Sinclair B. Ferguson, Let’s Study Mark, p. 123
So Jesus challenges them (and you), asking, do you still not understand? Appreciate the way that Jesus reveals himself. Jesus rebukes the disciples for their hard-heartedness. He points out that their eyes and ears had failed to see and hear. Jesus echoes language of Isaiah 6 and Ezekiel 12. And this passage is bracketed between miracles of healing the senses. Jesus asks them how many baskets they had picked up after Jesus used the five loaves to feed the 5,000. (Twelve). How many basketfuls after feeding the 4,000? (Seven). Here they are, arguing, blaming one another, over the failure to bring more than one loaf–and they forget that the one who fed the multitudes is there with them.
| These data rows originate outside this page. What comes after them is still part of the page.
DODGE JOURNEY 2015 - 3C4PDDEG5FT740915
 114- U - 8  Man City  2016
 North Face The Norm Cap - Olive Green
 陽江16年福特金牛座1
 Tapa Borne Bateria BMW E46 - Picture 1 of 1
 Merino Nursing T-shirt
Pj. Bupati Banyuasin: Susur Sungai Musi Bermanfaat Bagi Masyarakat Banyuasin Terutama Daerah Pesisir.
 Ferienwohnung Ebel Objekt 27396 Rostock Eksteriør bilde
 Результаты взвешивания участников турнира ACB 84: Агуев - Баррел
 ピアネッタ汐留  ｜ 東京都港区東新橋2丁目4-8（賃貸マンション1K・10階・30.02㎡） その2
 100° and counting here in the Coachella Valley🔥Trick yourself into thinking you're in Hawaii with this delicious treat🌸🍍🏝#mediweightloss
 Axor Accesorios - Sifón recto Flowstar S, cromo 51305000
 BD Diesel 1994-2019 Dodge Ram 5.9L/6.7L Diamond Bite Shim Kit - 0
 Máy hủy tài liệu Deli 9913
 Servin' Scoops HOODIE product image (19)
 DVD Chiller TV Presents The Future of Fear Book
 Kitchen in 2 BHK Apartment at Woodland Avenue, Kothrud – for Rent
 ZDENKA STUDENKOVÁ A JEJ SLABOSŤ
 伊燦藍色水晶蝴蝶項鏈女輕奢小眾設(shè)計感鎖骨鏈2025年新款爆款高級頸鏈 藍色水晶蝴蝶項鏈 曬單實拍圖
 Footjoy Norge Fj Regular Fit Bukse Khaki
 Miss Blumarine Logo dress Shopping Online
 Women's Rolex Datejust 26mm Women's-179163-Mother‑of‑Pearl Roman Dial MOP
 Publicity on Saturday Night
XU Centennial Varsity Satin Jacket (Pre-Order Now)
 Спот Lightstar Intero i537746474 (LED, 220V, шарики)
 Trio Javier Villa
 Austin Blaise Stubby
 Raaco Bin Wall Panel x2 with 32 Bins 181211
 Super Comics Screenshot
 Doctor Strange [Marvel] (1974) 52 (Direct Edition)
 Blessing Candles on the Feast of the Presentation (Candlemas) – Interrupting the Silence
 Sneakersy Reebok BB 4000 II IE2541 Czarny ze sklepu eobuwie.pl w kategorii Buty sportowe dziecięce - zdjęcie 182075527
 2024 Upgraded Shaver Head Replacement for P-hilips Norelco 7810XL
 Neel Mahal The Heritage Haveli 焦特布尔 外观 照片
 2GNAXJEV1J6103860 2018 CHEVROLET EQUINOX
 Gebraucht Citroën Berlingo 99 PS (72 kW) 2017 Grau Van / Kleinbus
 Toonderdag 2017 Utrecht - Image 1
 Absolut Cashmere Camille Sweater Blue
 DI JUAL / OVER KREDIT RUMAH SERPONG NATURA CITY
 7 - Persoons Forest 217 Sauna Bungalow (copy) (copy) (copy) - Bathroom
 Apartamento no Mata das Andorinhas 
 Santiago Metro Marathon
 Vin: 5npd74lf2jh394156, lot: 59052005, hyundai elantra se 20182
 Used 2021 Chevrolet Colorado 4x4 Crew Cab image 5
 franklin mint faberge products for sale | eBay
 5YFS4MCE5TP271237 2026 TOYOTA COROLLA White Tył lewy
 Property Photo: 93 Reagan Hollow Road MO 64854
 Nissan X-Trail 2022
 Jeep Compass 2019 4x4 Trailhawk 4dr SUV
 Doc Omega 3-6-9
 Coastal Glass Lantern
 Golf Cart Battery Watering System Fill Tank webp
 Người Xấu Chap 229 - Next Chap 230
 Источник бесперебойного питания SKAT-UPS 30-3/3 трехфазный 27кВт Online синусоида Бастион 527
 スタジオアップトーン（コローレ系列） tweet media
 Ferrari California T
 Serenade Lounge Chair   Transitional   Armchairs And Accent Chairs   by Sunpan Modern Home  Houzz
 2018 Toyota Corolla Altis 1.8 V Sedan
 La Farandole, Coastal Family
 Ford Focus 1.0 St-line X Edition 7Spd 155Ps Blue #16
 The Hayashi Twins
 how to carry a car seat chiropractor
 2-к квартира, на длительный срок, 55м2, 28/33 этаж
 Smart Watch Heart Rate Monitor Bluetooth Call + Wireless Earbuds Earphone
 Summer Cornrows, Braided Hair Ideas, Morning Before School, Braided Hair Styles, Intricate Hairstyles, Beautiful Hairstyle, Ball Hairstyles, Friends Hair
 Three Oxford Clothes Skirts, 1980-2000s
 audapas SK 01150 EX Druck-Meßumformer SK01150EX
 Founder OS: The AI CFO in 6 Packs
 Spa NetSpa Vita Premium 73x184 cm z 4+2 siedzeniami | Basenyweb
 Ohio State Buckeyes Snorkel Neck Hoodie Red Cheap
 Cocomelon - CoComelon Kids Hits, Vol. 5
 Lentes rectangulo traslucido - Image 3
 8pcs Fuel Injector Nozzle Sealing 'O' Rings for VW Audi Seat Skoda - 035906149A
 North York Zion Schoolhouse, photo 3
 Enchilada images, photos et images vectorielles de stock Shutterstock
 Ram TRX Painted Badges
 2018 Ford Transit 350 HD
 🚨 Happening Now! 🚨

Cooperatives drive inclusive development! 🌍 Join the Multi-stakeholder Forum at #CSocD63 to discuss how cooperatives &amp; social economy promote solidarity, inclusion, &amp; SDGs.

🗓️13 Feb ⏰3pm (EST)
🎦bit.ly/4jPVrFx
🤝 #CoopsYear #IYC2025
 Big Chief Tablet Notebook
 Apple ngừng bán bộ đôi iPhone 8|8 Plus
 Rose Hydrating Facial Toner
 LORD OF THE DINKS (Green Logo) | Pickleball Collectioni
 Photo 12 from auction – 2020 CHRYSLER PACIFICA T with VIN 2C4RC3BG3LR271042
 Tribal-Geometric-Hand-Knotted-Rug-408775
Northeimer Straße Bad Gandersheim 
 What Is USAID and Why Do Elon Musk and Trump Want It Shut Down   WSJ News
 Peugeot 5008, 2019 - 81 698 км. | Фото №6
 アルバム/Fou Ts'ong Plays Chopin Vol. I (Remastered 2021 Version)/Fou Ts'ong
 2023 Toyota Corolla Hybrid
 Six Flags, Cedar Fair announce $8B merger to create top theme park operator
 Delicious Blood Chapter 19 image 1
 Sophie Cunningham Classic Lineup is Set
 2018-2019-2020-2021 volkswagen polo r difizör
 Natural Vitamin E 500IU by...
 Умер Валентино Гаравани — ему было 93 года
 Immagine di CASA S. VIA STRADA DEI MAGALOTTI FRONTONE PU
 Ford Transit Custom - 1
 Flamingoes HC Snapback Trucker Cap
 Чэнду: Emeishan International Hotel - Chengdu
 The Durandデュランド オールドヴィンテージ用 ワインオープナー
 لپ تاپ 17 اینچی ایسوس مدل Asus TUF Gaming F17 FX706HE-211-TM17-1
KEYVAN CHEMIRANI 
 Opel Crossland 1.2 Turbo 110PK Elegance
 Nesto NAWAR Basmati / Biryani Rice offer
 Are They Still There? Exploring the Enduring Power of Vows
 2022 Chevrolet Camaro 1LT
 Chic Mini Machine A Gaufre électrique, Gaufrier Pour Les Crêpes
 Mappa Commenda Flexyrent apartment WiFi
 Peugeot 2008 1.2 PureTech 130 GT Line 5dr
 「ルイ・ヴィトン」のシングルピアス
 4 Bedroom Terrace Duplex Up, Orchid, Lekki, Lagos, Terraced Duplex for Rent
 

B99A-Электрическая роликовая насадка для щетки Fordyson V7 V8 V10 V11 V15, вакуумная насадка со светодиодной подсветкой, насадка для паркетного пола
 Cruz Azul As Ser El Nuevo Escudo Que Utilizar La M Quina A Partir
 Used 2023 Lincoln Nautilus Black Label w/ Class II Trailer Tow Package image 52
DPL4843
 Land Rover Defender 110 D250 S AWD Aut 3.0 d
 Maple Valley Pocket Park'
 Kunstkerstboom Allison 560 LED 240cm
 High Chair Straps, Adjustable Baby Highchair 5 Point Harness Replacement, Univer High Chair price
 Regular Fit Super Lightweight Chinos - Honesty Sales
Trust the Savior, who is God’s ultimate provision for you. The questions Jesus asks push the disciples to reflect on who it is that is with them. If he has compassion on the crowds and feeds them, is he going to be uncaring about them? (Did the question asked in another boat come to mind: Don’t you care if we perish?) Jesus is drawing his disciples away from their worried discussion with one another about bread and to himself. Rather than the unbelief of the Pharisees and Herod (warnings which the disciples and we need), Jesus calls the them and you to trustful contentment. Mark’s Gospel is pointing you towards understanding who Jesus really is. Following two miracles of feeding, two encounters with the Pharisees over food, and two healings (deaf and blind), Peter makes his great confession. Mark is making a point that doubtless he had heard Peter make — such a confession does not have its origins in man. You need the healing, enlivening power of Christ to recognize who he is, what his work in your place is, and to live in quiet trust in him.
Appreciate the sweeping claims Jesus makes. Understand who he is. Understand with your mind, your heart, and your life. Serve him with all that you are.